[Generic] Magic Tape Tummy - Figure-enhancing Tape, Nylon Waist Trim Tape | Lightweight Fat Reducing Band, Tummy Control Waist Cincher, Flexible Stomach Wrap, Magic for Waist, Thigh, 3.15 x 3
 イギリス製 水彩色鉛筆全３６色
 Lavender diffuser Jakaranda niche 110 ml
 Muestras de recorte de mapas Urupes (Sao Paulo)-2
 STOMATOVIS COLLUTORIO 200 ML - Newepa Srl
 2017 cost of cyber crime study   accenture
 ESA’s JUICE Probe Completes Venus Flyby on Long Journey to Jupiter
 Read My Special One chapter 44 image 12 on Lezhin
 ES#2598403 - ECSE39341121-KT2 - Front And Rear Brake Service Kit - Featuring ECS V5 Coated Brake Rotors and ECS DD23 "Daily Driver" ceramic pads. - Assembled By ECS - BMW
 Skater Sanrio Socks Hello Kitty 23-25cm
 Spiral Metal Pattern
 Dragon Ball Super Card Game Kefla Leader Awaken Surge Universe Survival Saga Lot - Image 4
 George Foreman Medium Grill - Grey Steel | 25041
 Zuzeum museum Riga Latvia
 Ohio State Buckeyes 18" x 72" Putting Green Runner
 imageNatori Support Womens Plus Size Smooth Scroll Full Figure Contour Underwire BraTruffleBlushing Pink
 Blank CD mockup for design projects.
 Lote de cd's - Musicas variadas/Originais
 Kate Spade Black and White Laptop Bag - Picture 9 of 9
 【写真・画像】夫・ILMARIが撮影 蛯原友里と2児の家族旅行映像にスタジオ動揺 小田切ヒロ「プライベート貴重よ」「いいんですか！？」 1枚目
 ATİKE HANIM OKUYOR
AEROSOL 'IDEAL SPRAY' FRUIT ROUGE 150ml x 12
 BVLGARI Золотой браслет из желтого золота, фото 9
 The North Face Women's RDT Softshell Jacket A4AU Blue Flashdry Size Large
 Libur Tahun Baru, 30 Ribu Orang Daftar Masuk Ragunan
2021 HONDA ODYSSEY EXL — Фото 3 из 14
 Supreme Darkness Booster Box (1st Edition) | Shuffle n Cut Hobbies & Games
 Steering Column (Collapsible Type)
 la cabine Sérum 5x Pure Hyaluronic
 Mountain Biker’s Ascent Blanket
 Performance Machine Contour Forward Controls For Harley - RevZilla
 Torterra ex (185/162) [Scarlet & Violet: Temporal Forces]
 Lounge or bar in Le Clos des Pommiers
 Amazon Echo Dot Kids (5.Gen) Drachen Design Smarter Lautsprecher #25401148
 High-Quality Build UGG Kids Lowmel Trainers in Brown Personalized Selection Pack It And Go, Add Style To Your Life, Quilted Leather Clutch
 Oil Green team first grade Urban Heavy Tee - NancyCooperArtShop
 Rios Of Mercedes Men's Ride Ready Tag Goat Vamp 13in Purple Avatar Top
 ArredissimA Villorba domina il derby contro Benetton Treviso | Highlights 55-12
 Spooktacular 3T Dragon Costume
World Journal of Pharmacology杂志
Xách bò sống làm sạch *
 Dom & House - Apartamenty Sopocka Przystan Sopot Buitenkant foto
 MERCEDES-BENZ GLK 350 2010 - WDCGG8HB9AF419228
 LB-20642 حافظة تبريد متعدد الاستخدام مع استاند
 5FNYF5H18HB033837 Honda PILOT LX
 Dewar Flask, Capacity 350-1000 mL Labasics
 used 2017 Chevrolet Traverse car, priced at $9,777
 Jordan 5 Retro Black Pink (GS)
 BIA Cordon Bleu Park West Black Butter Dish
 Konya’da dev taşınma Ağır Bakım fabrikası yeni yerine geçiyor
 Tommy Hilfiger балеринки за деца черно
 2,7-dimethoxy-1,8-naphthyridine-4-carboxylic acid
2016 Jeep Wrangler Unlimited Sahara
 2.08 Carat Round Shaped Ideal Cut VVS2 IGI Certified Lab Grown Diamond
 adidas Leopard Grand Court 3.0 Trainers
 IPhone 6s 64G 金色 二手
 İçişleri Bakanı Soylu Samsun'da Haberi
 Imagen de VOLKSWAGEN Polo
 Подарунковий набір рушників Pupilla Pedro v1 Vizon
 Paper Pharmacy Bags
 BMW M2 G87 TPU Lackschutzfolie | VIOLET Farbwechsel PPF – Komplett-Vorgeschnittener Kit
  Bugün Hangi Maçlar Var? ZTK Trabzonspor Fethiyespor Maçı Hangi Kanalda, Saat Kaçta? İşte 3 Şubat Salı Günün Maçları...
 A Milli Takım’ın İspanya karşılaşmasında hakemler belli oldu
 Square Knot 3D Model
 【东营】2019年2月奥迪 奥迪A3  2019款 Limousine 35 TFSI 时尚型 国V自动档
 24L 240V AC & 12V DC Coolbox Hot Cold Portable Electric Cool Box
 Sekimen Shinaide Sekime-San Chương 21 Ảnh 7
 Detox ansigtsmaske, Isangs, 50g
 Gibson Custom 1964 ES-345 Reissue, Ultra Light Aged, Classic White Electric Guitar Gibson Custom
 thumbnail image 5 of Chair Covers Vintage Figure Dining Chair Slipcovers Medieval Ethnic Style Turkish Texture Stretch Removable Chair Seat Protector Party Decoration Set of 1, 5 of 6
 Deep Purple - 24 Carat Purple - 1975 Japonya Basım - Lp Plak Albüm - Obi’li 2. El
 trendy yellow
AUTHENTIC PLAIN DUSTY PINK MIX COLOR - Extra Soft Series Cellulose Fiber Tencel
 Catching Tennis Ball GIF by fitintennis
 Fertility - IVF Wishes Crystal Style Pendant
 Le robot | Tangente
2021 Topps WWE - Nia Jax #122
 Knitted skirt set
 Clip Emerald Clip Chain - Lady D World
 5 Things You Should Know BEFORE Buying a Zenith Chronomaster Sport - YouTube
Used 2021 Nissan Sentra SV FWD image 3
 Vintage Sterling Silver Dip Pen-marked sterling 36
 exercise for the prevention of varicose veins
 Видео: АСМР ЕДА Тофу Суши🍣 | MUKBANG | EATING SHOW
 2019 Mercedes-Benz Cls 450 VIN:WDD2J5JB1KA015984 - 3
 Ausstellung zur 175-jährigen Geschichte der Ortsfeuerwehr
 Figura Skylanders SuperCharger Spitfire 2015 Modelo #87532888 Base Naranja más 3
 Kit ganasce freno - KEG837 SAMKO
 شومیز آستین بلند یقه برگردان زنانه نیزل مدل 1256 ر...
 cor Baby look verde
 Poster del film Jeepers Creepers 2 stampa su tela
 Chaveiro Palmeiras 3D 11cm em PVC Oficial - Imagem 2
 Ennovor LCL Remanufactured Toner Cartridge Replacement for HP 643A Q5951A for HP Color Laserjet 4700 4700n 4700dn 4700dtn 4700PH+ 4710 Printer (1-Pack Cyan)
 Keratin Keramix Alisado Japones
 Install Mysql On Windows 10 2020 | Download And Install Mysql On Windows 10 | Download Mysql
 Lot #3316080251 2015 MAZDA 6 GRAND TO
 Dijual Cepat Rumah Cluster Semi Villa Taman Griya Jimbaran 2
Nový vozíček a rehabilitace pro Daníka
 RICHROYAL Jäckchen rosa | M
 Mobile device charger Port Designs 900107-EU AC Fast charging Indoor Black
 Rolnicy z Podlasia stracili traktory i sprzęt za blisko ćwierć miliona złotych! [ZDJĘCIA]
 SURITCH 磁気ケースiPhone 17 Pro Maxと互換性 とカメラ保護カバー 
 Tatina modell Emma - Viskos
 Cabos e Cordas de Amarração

Problem description> The answer should be the full listing, repeated without any change.

Task output>
[Generic] Magic Tape Tummy - Figure-enhancing Tape, Nylon Waist Trim Tape | Lightweight Fat Reducing Band, Tummy Control Waist Cincher, Flexible Stomach Wrap, Magic for Waist, Thigh, 3.15 x 3
 イギリス製 水彩色鉛筆全３６色
 Lavender diffuser Jakaranda niche 110 ml
 Muestras de recorte de mapas Urupes (Sao Paulo)-2
 STOMATOVIS COLLUTORIO 200 ML - Newepa Srl
 2017 cost of cyber crime study   accenture
 ESA’s JUICE Probe Completes Venus Flyby on Long Journey to Jupiter
 Read My Special One chapter 44 image 12 on Lezhin
 ES#2598403 - ECSE39341121-KT2 - Front And Rear Brake Service Kit - Featuring ECS V5 Coated Brake Rotors and ECS DD23 "Daily Driver" ceramic pads. - Assembled By ECS - BMW
 Skater Sanrio Socks Hello Kitty 23-25cm
 Spiral Metal Pattern
 Dragon Ball Super Card Game Kefla Leader Awaken Surge Universe Survival Saga Lot - Image 4
 George Foreman Medium Grill - Grey Steel | 25041
 Zuzeum museum Riga Latvia
 Ohio State Buckeyes 18" x 72" Putting Green Runner
 imageNatori Support Womens Plus Size Smooth Scroll Full Figure Contour Underwire BraTruffleBlushing Pink
 Blank CD mockup for design projects.
 Lote de cd's - Musicas variadas/Originais
 Kate Spade Black and White Laptop Bag - Picture 9 of 9
 【写真・画像】夫・ILMARIが撮影 蛯原友里と2児の家族旅行映像にスタジオ動揺 小田切ヒロ「プライベート貴重よ」「いいんですか！？」 1枚目
 ATİKE HANIM OKUYOR
AEROSOL 'IDEAL SPRAY' FRUIT ROUGE 150ml x 12
 BVLGARI Золотой браслет из желтого золота, фото 9
 The North Face Women's RDT Softshell Jacket A4AU Blue Flashdry Size Large
 Libur Tahun Baru, 30 Ribu Orang Daftar Masuk Ragunan
2021 HONDA ODYSSEY EXL — Фото 3 из 14
 Supreme Darkness Booster Box (1st Edition) | Shuffle n Cut Hobbies & Games
 Steering Column (Collapsible Type)
 la cabine Sérum 5x Pure Hyaluronic
 Mountain Biker’s Ascent Blanket
 Performance Machine Contour Forward Controls For Harley - RevZilla
 Torterra ex (185/162) [Scarlet & Violet: Temporal Forces]
 Lounge or bar in Le Clos des Pommiers
 Amazon Echo Dot Kids (5.Gen) Drachen Design Smarter Lautsprecher #25401148
 High-Quality Build UGG Kids Lowmel Trainers in Brown Personalized Selection Pack It And Go, Add Style To Your Life, Quilted Leather Clutch
 Oil Green team first grade Urban Heavy Tee - NancyCooperArtShop
 Rios Of Mercedes Men's Ride Ready Tag Goat Vamp 13in Purple Avatar Top
 ArredissimA Villorba domina il derby contro Benetton Treviso | Highlights 55-12
 Spooktacular 3T Dragon Costume
World Journal of Pharmacology杂志
Xách bò sống làm sạch *
 Dom & House - Apartamenty Sopocka Przystan Sopot Buitenkant foto
 MERCEDES-BENZ GLK 350 2010 - WDCGG8HB9AF419228
 LB-20642 حافظة تبريد متعدد الاستخدام مع استاند
 5FNYF5H18HB033837 Honda PILOT LX
 Dewar Flask, Capacity 350-1000 mL Labasics
 used 2017 Chevrolet Traverse car, priced at $9,777
 Jordan 5 Retro Black Pink (GS)
 BIA Cordon Bleu Park West Black Butter Dish
 Konya’da dev taşınma Ağır Bakım fabrikası yeni yerine geçiyor
 Tommy Hilfiger балеринки за деца черно
 2,7-dimethoxy-1,8-naphthyridine-4-carboxylic acid
2016 Jeep Wrangler Unlimited Sahara
 2.08 Carat Round Shaped Ideal Cut VVS2 IGI Certified Lab Grown Diamond
 adidas Leopard Grand Court 3.0 Trainers
 IPhone 6s 64G 金色 二手
 İçişleri Bakanı Soylu Samsun'da Haberi
 Imagen de VOLKSWAGEN Polo
 Подарунковий набір рушників Pupilla Pedro v1 Vizon
 Paper Pharmacy Bags
 BMW M2 G87 TPU Lackschutzfolie | VIOLET Farbwechsel PPF – Komplett-Vorgeschnittener Kit
  Bugün Hangi Maçlar Var? ZTK Trabzonspor Fethiyespor Maçı Hangi Kanalda, Saat Kaçta? İşte 3 Şubat Salı Günün Maçları...
 A Milli Takım’ın İspanya karşılaşmasında hakemler belli oldu
 Square Knot 3D Model
 【东营】2019年2月奥迪 奥迪A3  2019款 Limousine 35 TFSI 时尚型 国V自动档
 24L 240V AC & 12V DC Coolbox Hot Cold Portable Electric Cool Box
 Sekimen Shinaide Sekime-San Chương 21 Ảnh 7
 Detox ansigtsmaske, Isangs, 50g
 Gibson Custom 1964 ES-345 Reissue, Ultra Light Aged, Classic White Electric Guitar Gibson Custom
 thumbnail image 5 of Chair Covers Vintage Figure Dining Chair Slipcovers Medieval Ethnic Style Turkish Texture Stretch Removable Chair Seat Protector Party Decoration Set of 1, 5 of 6
 Deep Purple - 24 Carat Purple - 1975 Japonya Basım - Lp Plak Albüm - Obi’li 2. El
 trendy yellow
AUTHENTIC PLAIN DUSTY PINK MIX COLOR - Extra Soft Series Cellulose Fiber Tencel
 Catching Tennis Ball GIF by fitintennis
 Fertility - IVF Wishes Crystal Style Pendant
 Le robot | Tangente
2021 Topps WWE - Nia Jax #122
 Knitted skirt set
 Clip Emerald Clip Chain - Lady D World
 5 Things You Should Know BEFORE Buying a Zenith Chronomaster Sport - YouTube
Used 2021 Nissan Sentra SV FWD image 3
 Vintage Sterling Silver Dip Pen-marked sterling 36
 exercise for the prevention of varicose veins
 Видео: АСМР ЕДА Тофу Суши🍣 | MUKBANG | EATING SHOW
 2019 Mercedes-Benz Cls 450 VIN:WDD2J5JB1KA015984 - 3
 Ausstellung zur 175-jährigen Geschichte der Ortsfeuerwehr
 Figura Skylanders SuperCharger Spitfire 2015 Modelo #87532888 Base Naranja más 3
 Kit ganasce freno - KEG837 SAMKO
 شومیز آستین بلند یقه برگردان زنانه نیزل مدل 1256 ر...
 cor Baby look verde
 Poster del film Jeepers Creepers 2 stampa su tela
 Chaveiro Palmeiras 3D 11cm em PVC Oficial - Imagem 2
 Ennovor LCL Remanufactured Toner Cartridge Replacement for HP 643A Q5951A for HP Color Laserjet 4700 4700n 4700dn 4700dtn 4700PH+ 4710 Printer (1-Pack Cyan)
 Keratin Keramix Alisado Japones
 Install Mysql On Windows 10 2020 | Download And Install Mysql On Windows 10 | Download Mysql
 Lot #3316080251 2015 MAZDA 6 GRAND TO
 Dijual Cepat Rumah Cluster Semi Villa Taman Griya Jimbaran 2
Nový vozíček a rehabilitace pro Daníka
 RICHROYAL Jäckchen rosa | M
 Mobile device charger Port Designs 900107-EU AC Fast charging Indoor Black
 Rolnicy z Podlasia stracili traktory i sprzęt za blisko ćwierć miliona złotych! [ZDJĘCIA]
 SURITCH 磁気ケースiPhone 17 Pro Maxと互換性 とカメラ保護カバー 
 Tatina modell Emma - Viskos
 Cabos e Cordas de Amarração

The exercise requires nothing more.